Vernon v. Rock-Ledge House, Inc.

49 Misc. 2d 98 | N.Y. Sup. Ct. | 1966

Abraham N. Geller, J.

Plaintiff moves for an order pursuant to CPLR 3211 (subd. [b]) to dismiss the defenses of res judicata and lack of jurisdiction over the person of defendant Rutgers Construction Co.

This is an action by a minority stockholder of defendant Rock-Ledge House, Inc., a New York corporation, to compel the accounting of expenditures made by the controlling group of stockholders from money and property of said corporation. It is specifically alleged that from January 31, 1959 to August 31, 1960 the individual defendants wrongfully paid over corporate moneys to defendant Rutgers Construction Co., a New Jersey corporation wholly owned by the individual defendants, which moneys were used in the construction of New Jersey properties by that corporation.

A first service of summons was effected on Rutgers Construction Co. in June, 1963. It moved to vacate the service upon the ground that it was not subject to the jurisdiction of the court, which motion was granted after a hearing and confirmation of the Referee’s report. Said defendant attaches a copy of the *99report of the Special Referee dated November, 1964 to support its defense of res judicata. That report with its findings, confirmed by the court, establishes instead the validity of the second service of summons effected on January 18, 1965, after the taking effect of CPLR (Sept. 1, 1963).

The Special Referee found that, while Rutgers Construction Co. was “ doing business ” in New York from 1959 to May, 1962, there was no showing of such doing of business in this State on June 13, 1963, the date of service, as would render it amenable to process of our courts. As CPLR does not have retroactive effect to prior actions jurisdictionally defective for improper service (Simonson v. International Bank, 14 N Y 2d 281), the attempted service in June, 1963 was set aside.

Obviously, that determination cannot be res judicata with respect to the second service of summons subsequently effected pursuant to and in reliance upon the different provisions of CPLR. The same situation prevailed in Singer v. Walker (one of the tri-partite cases recently decided by the Court of Appeals, see Longines-Wittnauer Co. v. Barnes & Reinecke, 15 N Y 2d 443, 465-467), where a first service upon a foreign corporation prior to enactment of CPLR 302 was set aside on the ground that it was not “ doing business ” in New York under the jurisdictional standards applicable thereto, but the second service after the effective date of CPLR was sustained as embraced within the governing provisions of CPLR 302.

The defense of lack of jurisdiction with regard to the second service in this action must likewise be dismissed.

CPLR 3211 (subd. [b]) now provides by amendment, effective September 1, 1965, for a plaintiff’s motion to dismiss a defense not only on the ground that a defense “ is not stated ” but also that it ‘ ‘ has no merit. ’ ’ Although it had been held that plaintiff could under this subdivision move to dismiss a jurisdictional defense and obtain an immediate hearing of any issues of fact without waiting for such disposition at the trial with consequent problems of delay and the Statute of Limitations if the service was then set aside (Kukoda v.
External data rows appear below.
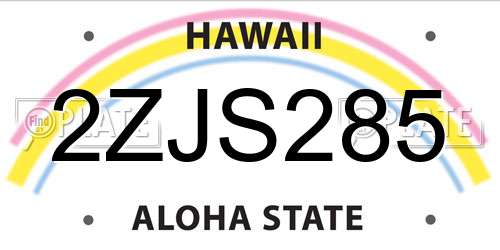 2ZJS285 Hawaii License Plate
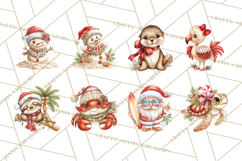 Tropical Christmas Clipart PNG, Surfing Santa Beach Holiday Product Image 2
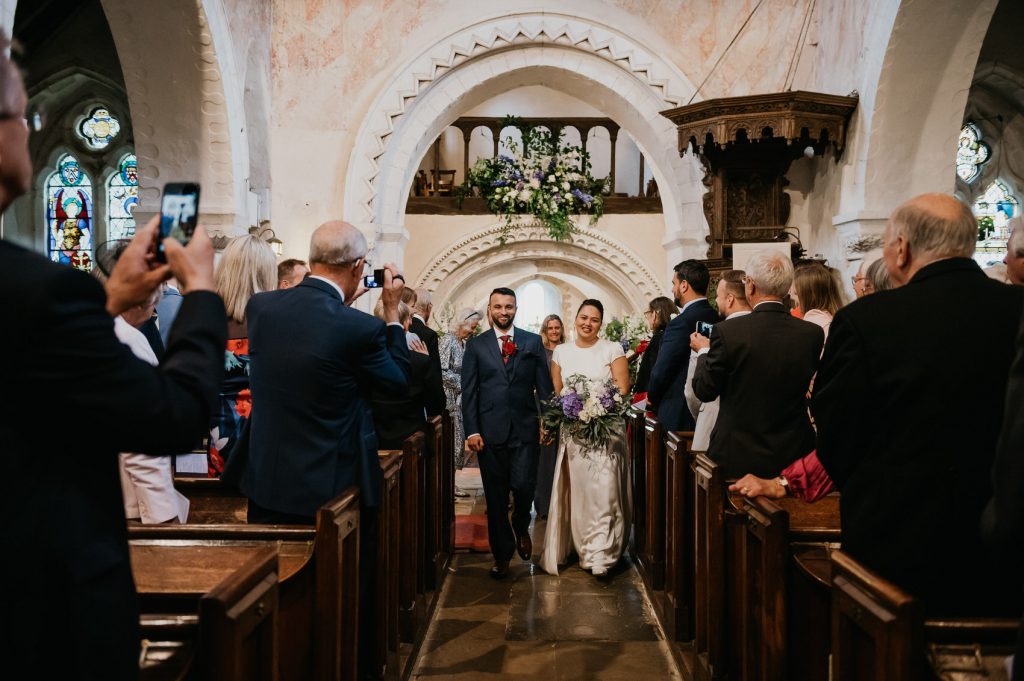 Exiting the Wedding Ceremony - Surrey Village Hall Wedding
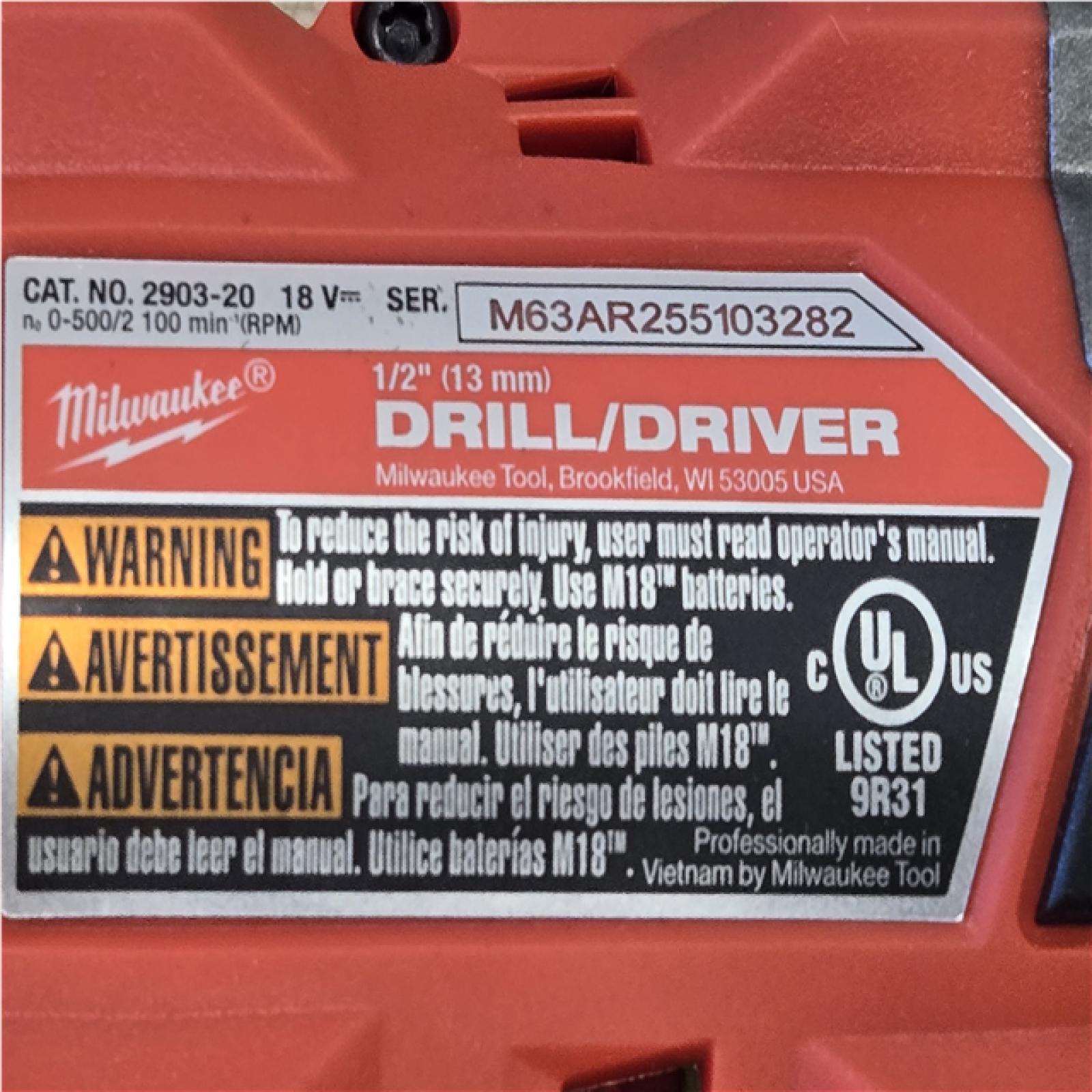 AS-IS Milwaukee FUEL 18V Lithium-Ion Brushless Cordless 1/2 in. Drill/Driver Kit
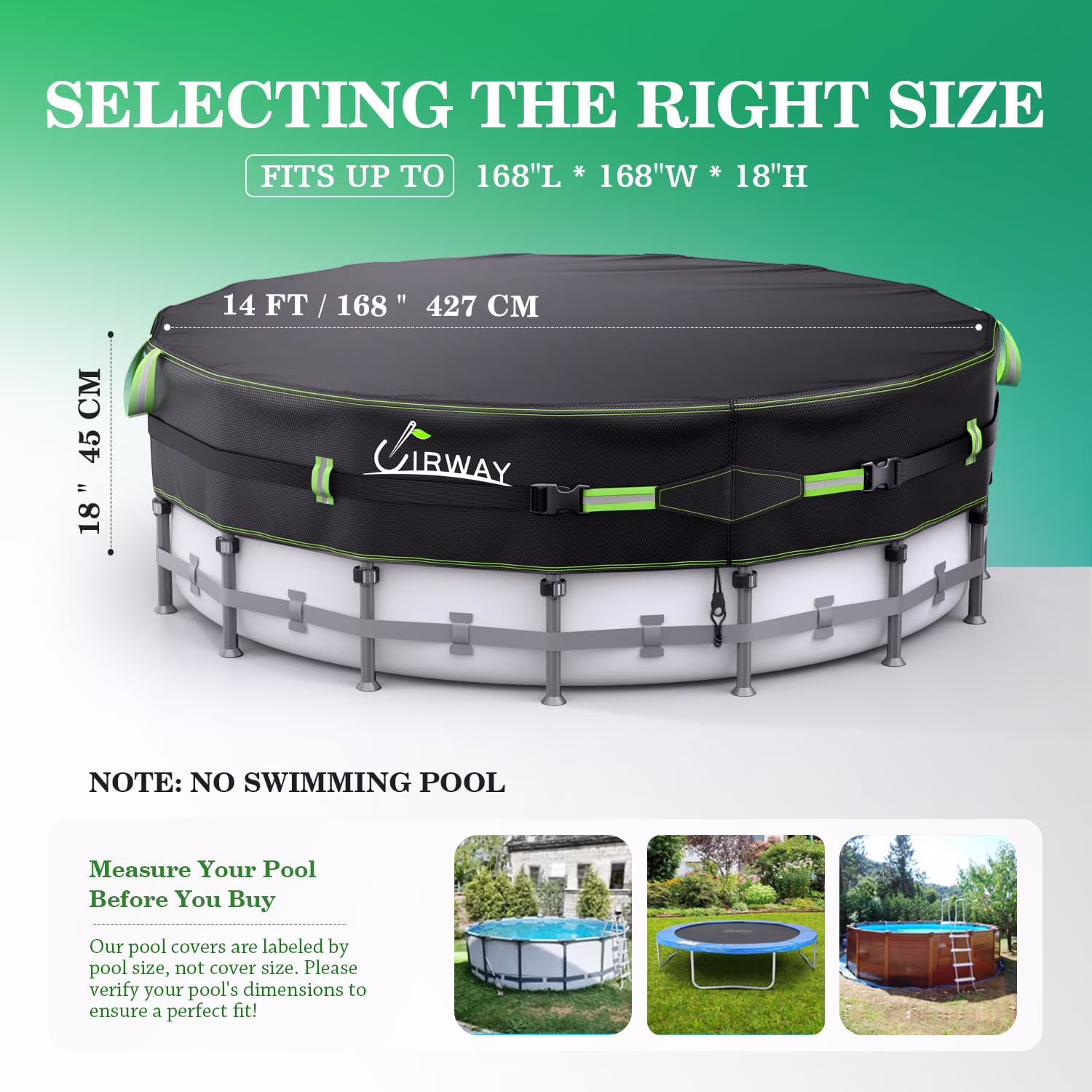 500D Winter Pool Cover 14FT Round 2025 Upgraded Heavy Duty Fabric with Protection and Windproof Design(500D-Black/14ft/Round Pool Cover)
Schneider, 41 Misc 2d 308), the amendment removes any question as to such procedure. Thus, if a defendant as a tactical maneuver interposes a jurisdictional defense rather than move under CPLR 3211 (subd. [a], par. 8) to dismiss on such ground, plaintiff may counter by moving-under CPLR 3211 (subd. [b]) to dismiss it and obtain a prompt disposition of that jurisdictional issue.

Here no hearing is necessaiy, since the Special Referee’s findings based on the evidence presented by these parties include a specific finding covering the direct issue now involved. *100Such finding is to be given the effect of a collateral estoppel as to the same issue between the same parties in the present action.

The Special Referee found that the books of account of Rock-Ledge House, Inc. showed payments made to Rutgers Construction Co. between May 7, 1959 and August 5, 1960. That is the tortious act complained of by plaintiff in this action, out of which her alleged cause of action arises. An action for waste of corporate assets is for injury to property sounding in tort and any act of such a nature is a tortious act. Since it was committed within the State, service was properly effected under CPLR 302 (subd. [a], par. 2). Moreover, since this was part of the “ transaction ” of business by Rutgers Construction Co. within the State, as clearly indicated in the Special Referee’s report, and plaintiff’s cause of action arises therefrom, service can also be sustained under CPLR 302 (subd. [a], par. 1).

It should be noted that this disposition is solely with regard to the defenses pleaded and cannot and does not affect the determination on the trial of whether the alleged tortious act was wrongful. The sole issue before the court now is whether jurisdiction has been obtained. The merits of the action are, of course, for the trial court.

The motion to dismiss these affirmative defenses is accordingly granted.